By the time I started frequenting his shop, he had to be in his seventies. Old, dark skinned; his hands and fingernails permanently stained from the tobacco leaves. Very strong hands too… When he would shake my hand his paws would wrap around mine with a death grip. His store was an old butcher shop and the “humidor” was the walk-in freezer. The refrigeration unit was no longer used and instead there was a humidifier in the room. I’d go into the humidor and grab a few of these and some of those and the old man would be right behind me telling me (in a thick Cuban accent) “No, no. Ju don’ wan dos.
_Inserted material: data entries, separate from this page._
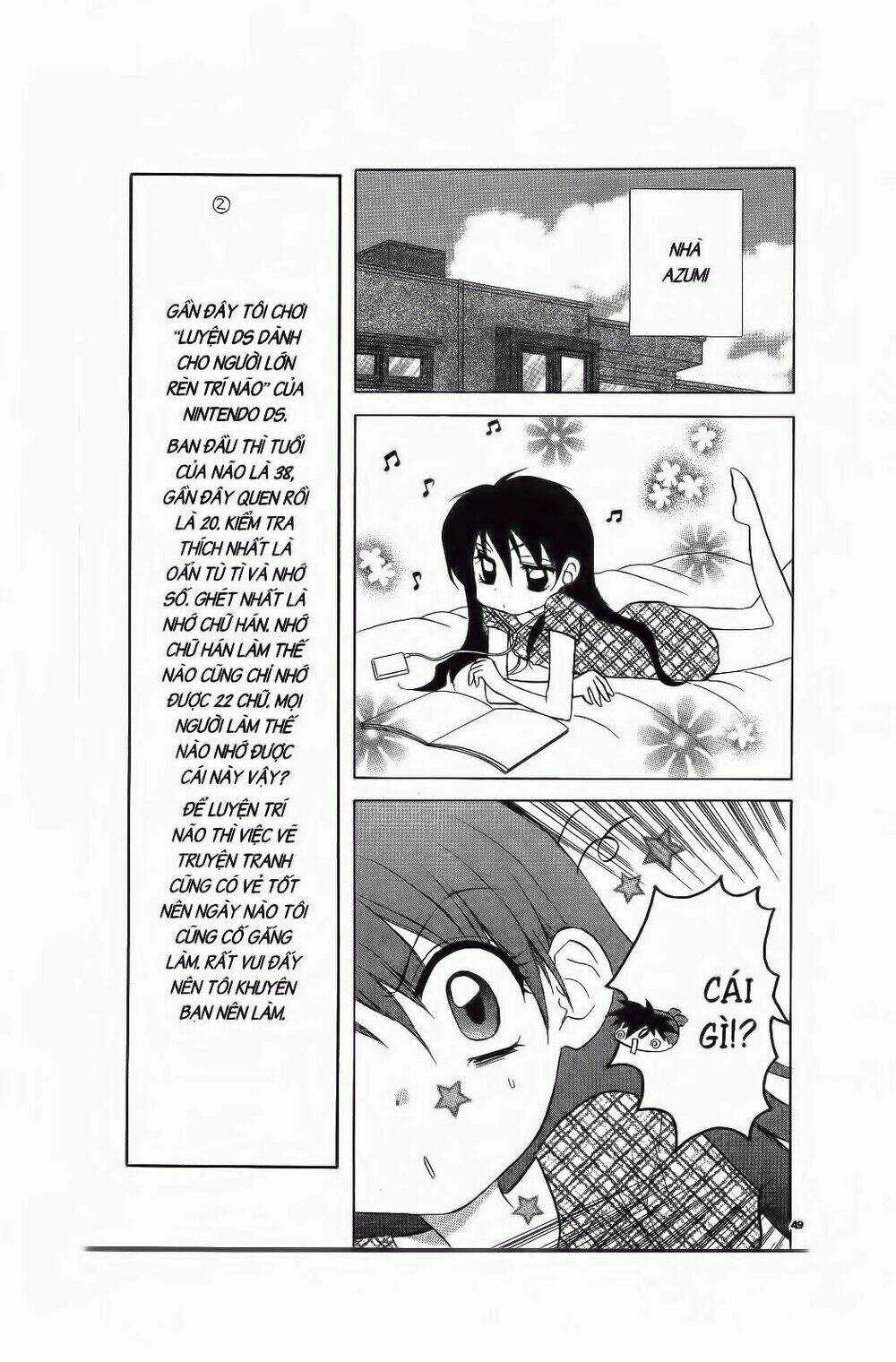 Chiếc Ly Kỳ Diệu - Chapter 68 - Trang 14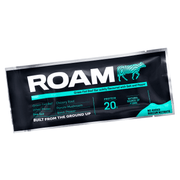 ROAM Salt, Pepper & Porcini Grass Fed Beef Bar 45g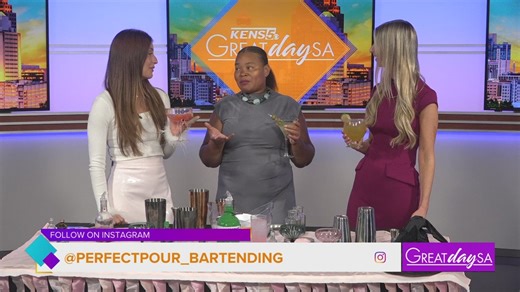 Perfect Pour | Great Day SA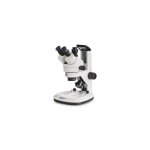 Kern sohn - kern - stéréo microscope à zoom trinoculaire 3w led 0, 7× ? 4, 5× avec poignée - ozl468 Kern sohn - kern - stéréo microscope à zoom trinoculaire 3w led 0, 7× ? 4, 5× avec poignée - ozl468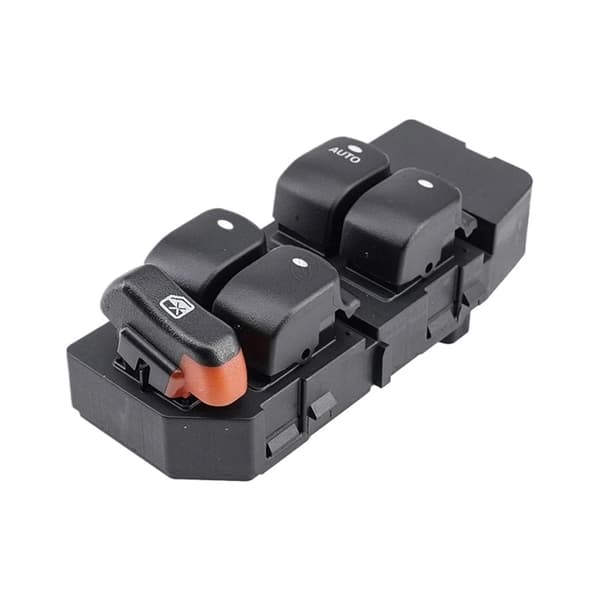 Compatible with 15902664 07-12 Myriad Auto Glass Lifter Switch Power Window Switch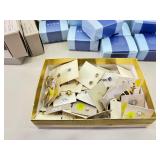 HUGE Lot of NEW IN OPEN BOX Avon Costume Jewelry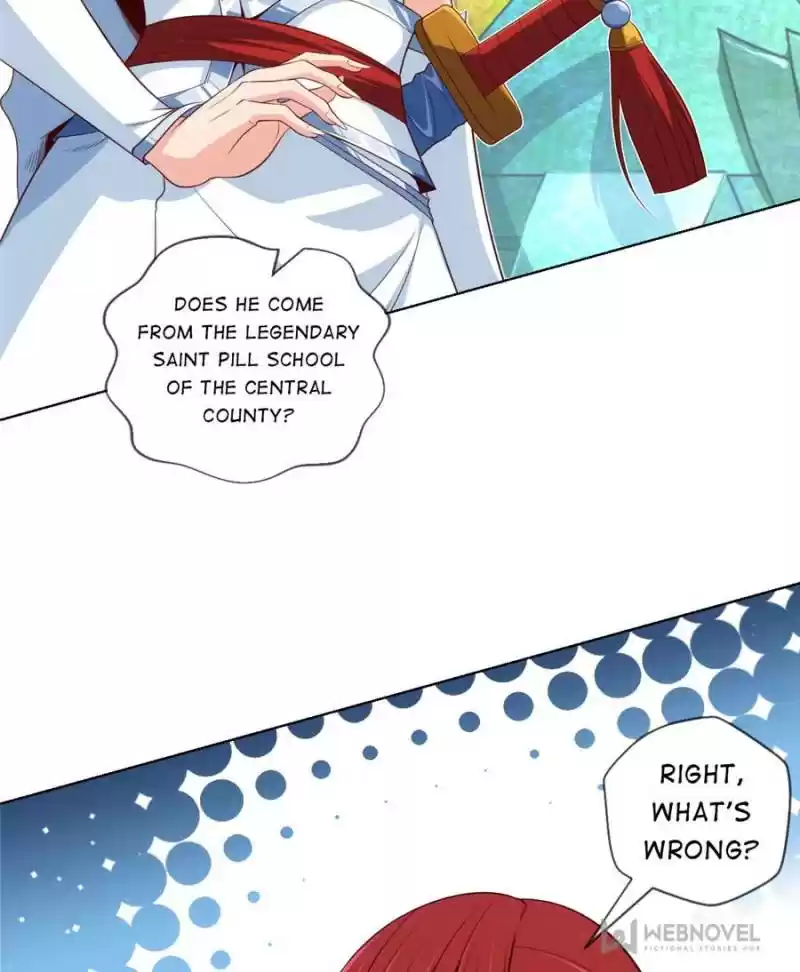 Doomed To Be A King Chapter 84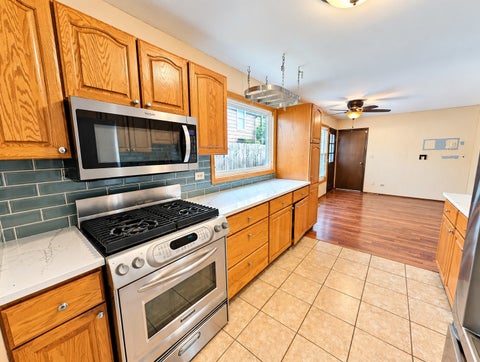 Tiny photo for 129 Newport Drive, Bolingbrook, IL 60440 (MLS # 12776184)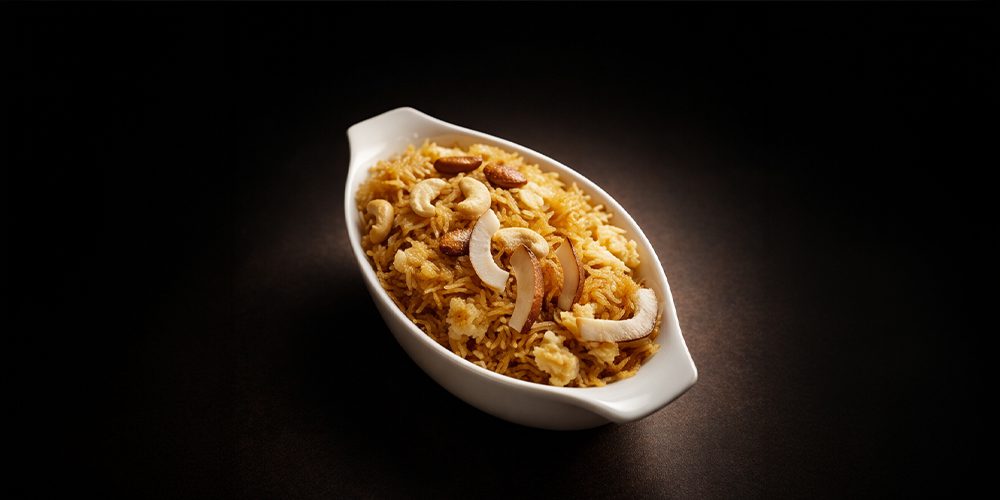 The Rarity of Traditional Gur Rice in Islamabad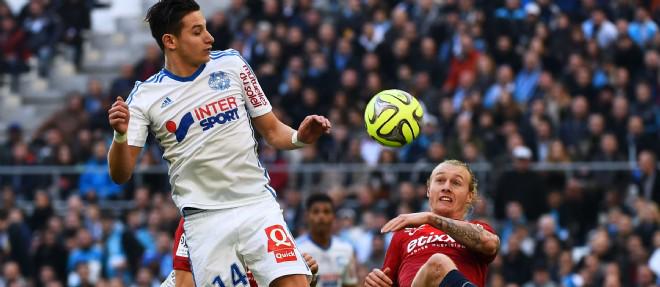 L’OM déjà champion d'automne ! lpnt.fr/1v8pgQM #OMLOSC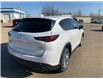 2025 Mazda CX-5 GX (Stk: 5C58276) in Red Deer - Image 4 of 7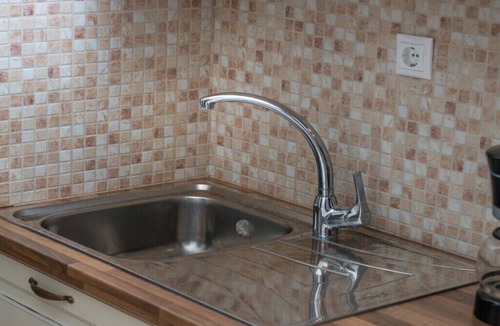 Kastraki Hotel | BH627 - C - Apartment Naxos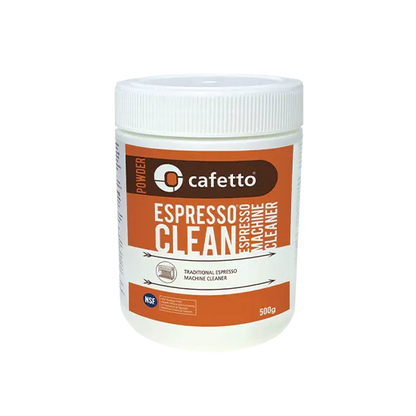 Cafetto Espresso Clean 500gm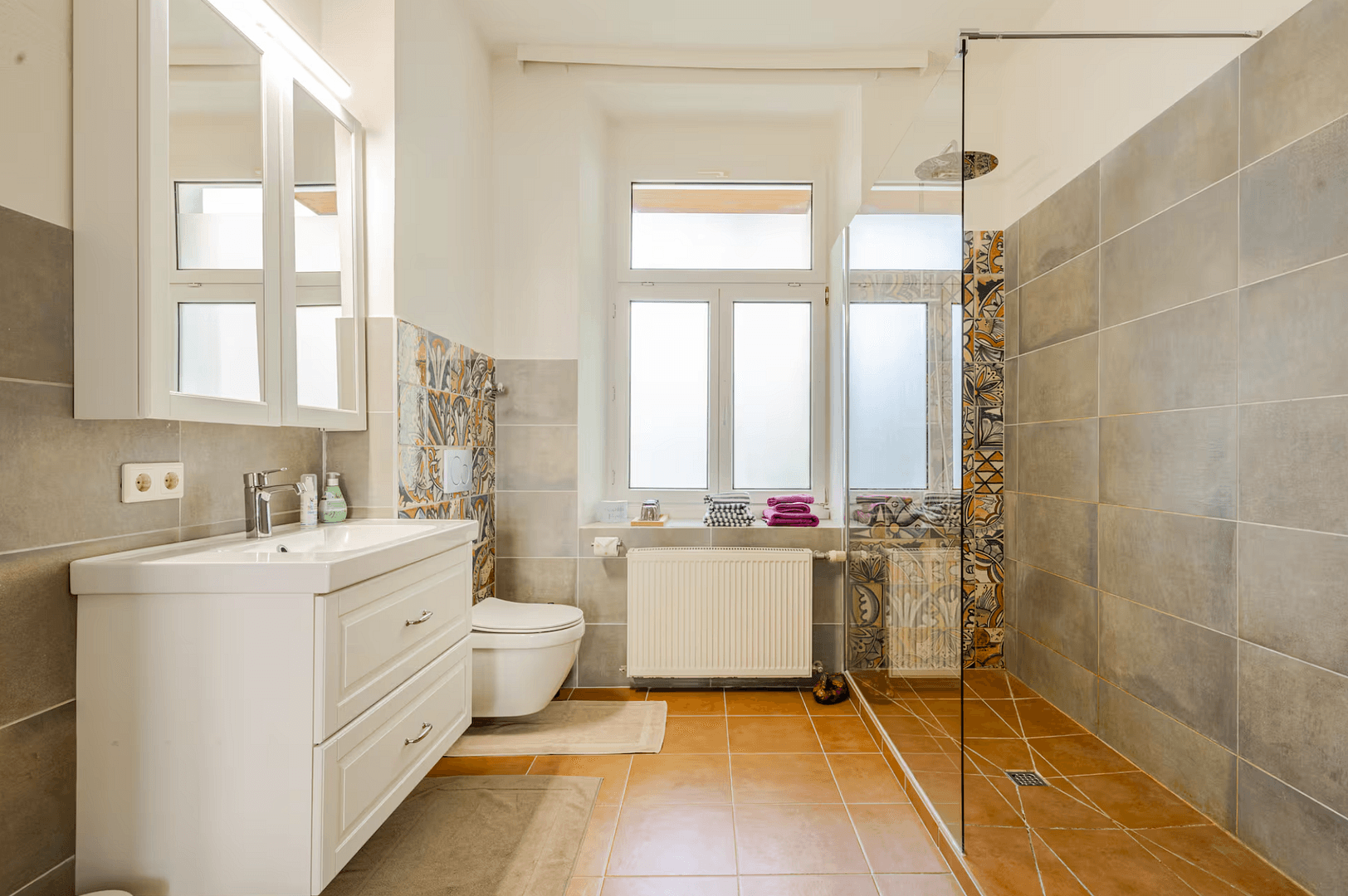 Pronájem bytu 2+1 50 m², Belruptstraße 11, Bregenz, Vorarlbersko Pronájem bytu 2+1 50 m², Belruptstraße 11, Bregenz, Vorarlbersko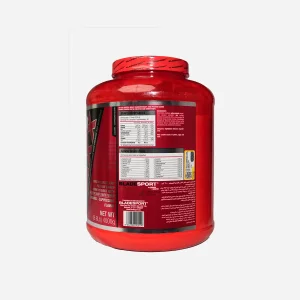 گینر ماسل مکس بلید اسپرت (Blade Sport Muscle Maxx) – ۴۰۰۰ گرم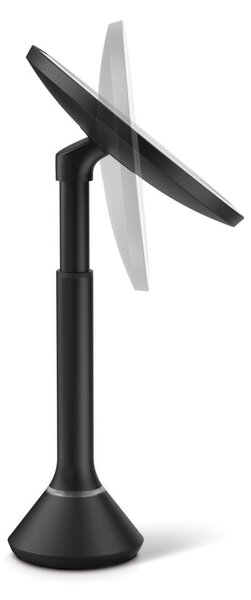 Specchio per make-up con illuminazione/con ingrandimento (5x) ø 20 cm Sensor – simplehuman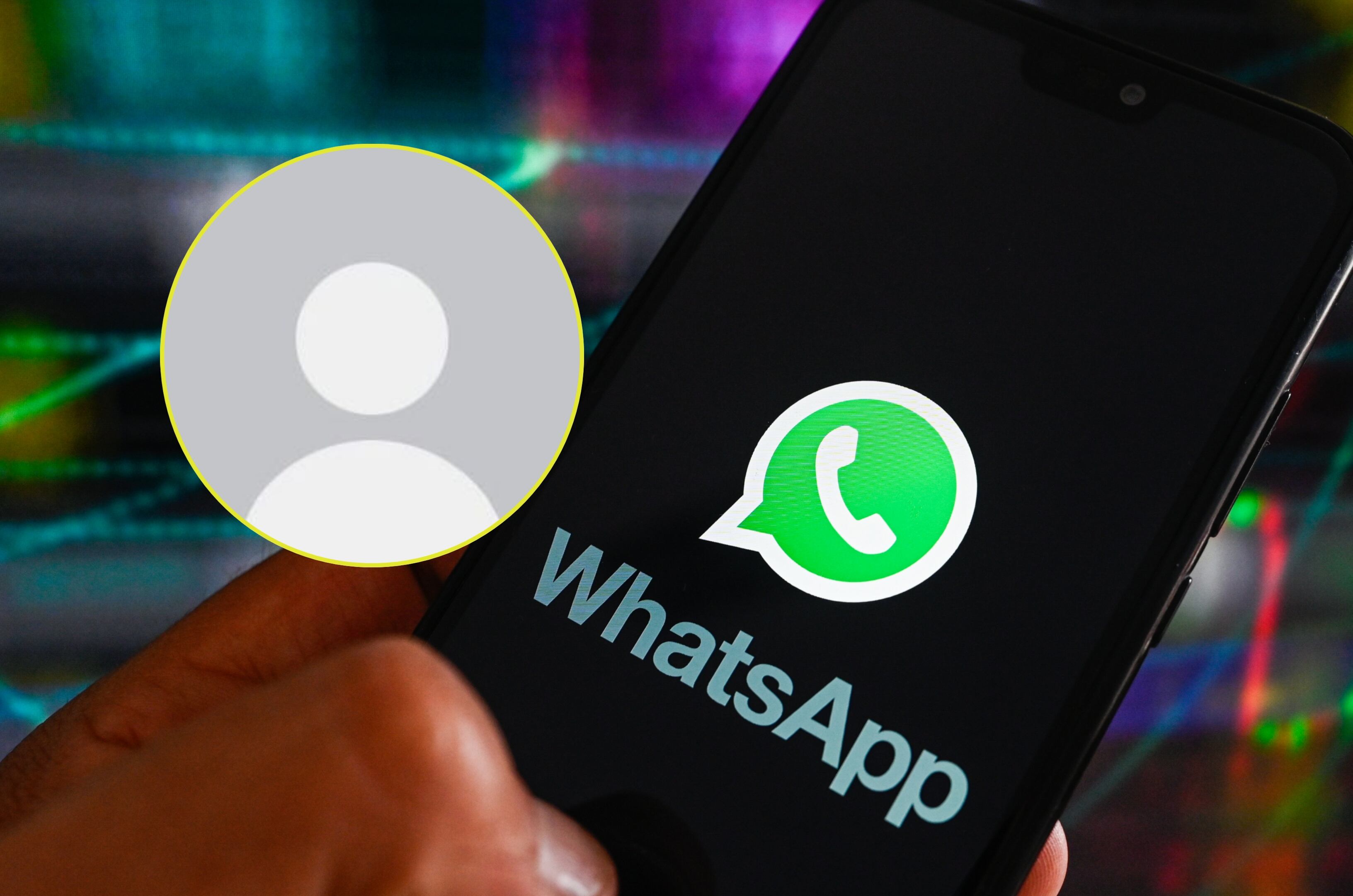 WhatsApp | Foto: GettyImages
Eer, I get ju de good ones.” He’d pick out some that had sat a little longer in the humidor and put them in a bag for me. I was going in there so often and talking with this guy, that finally one day I asked him how difficult it was to roll a cigar. He grabbed me by the shoulder and pulled me to one of the workstations. He had me sit down then gave me the beginning of a cigar and a stack of tobacco and had me finish rolling it. The whole time I was working on it he was laughing and telling me, in Spanish, what to do. I didn’t understand a damn thing he was saying but I got the idea I wasn’t doing it very well. Then he cut the wrapper for me, laid it down on the table and had me roll the cigar diagonally along the wrapper all the way to the glued edge. He cut a cap, dabbed some glue on the piece and slapped it on the top. After I finished rolling it, and was looking over my pathetic, twisted piece of work, I asked, “What do I do with it know?”
He laughed again and loudly said, “Ju take it out of my store!”
So I did just that. As I went to the counter to pay for the bag of cigars, he slipped over to his workstation. I could see he had opened a relatively small humidor, it held maybe 50 or 75 cigars, and he grabbed a couple of sticks and then came back to the front counter. Before I could get to the door, he met me there and put the cigars from his own stash in my shirt pocket and said, “Eer, dees are for ju. Ju don pay for dees. Dis is my gift to ju.” This was the beginning of a ritual that happened about every other time I went in there. Don’t know if it was because of the price, or perhaps he had “different” tobacco for his own cigars or just because of his gratefulness, but I have to say those cigars from his own humidor were the best smokes I’ve ever had.